Gerrymandering has been much in the news lately. There is a growing realization that this age-old problem has gotten more egregious in the past few decades, due in large part to the advent of new technologies and quantitative methods. This past fall, the New York Times ran an article titled "The New Front in the Gerrymandering Wars: Democracy vs Math." In this course, we will take the opposite point of view: math in defense of democracy! The course will be led by Dr. Mira Bernstein, a founding member of the Metric Geometry and Gerrymandering Group (MGGG) at Tufts University, together with several MfA Master teachers who attended the "Educator Track" of the MGGG conference in Boston last summer. In this mini-course, we will approach the mathematics of redistricting from several angles: geometric (measuring the "compactness" of districts), algebraic (measures of partisan fairness, including the efficiency gap), and statistical (outlier analysis, measures of racially polarized voting in racial gerrymandering cases). Of course, these quantitative aspects of gerrymandering cannot be viewed in isolation: the legal, historical, social, and political context will be emphasized throughout the course. There will also be opportunities for brainstorming and reflecting on how these ideas can best be brought to our school communities and beyond. Participants interested in continuing to work on curriculum and tasks around this topic are encouraged to join the PLT on this topic later in the semester.
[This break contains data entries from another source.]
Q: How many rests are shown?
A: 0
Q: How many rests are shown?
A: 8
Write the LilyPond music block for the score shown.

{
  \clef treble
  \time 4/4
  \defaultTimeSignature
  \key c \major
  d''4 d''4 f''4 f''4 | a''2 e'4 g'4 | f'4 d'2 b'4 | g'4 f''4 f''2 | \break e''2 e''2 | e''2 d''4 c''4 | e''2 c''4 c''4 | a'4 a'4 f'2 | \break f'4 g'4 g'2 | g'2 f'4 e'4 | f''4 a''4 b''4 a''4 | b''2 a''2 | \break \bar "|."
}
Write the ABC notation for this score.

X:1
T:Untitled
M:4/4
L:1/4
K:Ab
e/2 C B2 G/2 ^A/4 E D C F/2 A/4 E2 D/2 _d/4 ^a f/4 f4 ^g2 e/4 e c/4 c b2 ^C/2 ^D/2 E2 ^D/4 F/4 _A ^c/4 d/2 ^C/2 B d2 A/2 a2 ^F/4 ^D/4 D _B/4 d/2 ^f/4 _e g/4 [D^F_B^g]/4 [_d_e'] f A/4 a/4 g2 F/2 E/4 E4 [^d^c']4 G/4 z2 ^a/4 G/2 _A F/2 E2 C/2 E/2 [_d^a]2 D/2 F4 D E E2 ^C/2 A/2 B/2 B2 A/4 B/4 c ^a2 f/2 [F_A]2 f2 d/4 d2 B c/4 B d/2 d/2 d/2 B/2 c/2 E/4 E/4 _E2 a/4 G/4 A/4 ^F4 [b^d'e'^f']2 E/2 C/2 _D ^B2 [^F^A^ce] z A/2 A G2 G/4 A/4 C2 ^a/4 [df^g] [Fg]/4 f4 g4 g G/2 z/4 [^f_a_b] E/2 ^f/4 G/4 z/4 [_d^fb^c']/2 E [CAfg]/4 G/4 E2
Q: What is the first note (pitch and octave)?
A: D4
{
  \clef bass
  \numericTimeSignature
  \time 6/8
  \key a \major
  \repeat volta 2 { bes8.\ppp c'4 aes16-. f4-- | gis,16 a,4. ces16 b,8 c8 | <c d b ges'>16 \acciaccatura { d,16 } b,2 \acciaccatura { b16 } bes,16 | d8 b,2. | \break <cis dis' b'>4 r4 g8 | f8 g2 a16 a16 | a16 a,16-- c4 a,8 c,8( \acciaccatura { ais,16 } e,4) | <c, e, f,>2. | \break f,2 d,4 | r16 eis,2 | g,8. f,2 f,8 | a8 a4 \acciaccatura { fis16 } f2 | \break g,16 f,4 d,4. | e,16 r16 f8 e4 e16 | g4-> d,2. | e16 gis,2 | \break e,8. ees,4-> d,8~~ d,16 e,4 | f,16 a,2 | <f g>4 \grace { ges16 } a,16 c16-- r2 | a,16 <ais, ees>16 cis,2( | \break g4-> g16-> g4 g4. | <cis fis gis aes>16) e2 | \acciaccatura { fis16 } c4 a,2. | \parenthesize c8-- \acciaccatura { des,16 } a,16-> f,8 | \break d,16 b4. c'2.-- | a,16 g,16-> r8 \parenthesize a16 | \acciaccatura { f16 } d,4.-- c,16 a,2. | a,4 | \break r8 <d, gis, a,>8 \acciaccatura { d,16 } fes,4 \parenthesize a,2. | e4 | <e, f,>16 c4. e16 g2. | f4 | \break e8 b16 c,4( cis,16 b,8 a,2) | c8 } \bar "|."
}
Mira Bernstein is on the research faculty at Tufts University in Science, Technology, and Society and is a founding member of the Metric Geometry and Gerrymandering Group (MGGG) at Tufts. The broad mission of MGGG is to combat gerrymandering through a combination of mathematics research and education, creating a diverse community of mathematically inclined people around the country who can hold map-makers accountable during the next round of redistricting. Mira has led workshops for mathematics educators at the last three MGGG conferences in Boston, MA, Madison, WI, and Durham, NC.
Mira received her PhD in pure mathematics from Harvard in 1999. Since leaving academia in 2008, Mira's work has focused on using mathematics and statistics to solve social problems -- from exploring the effects of extending health insurance to low-income populations to combatting forced labor throughout the world. Mira is also very active in mathematics education, with a focus on mathematically talented middle- and high-school students from diverse backgrounds.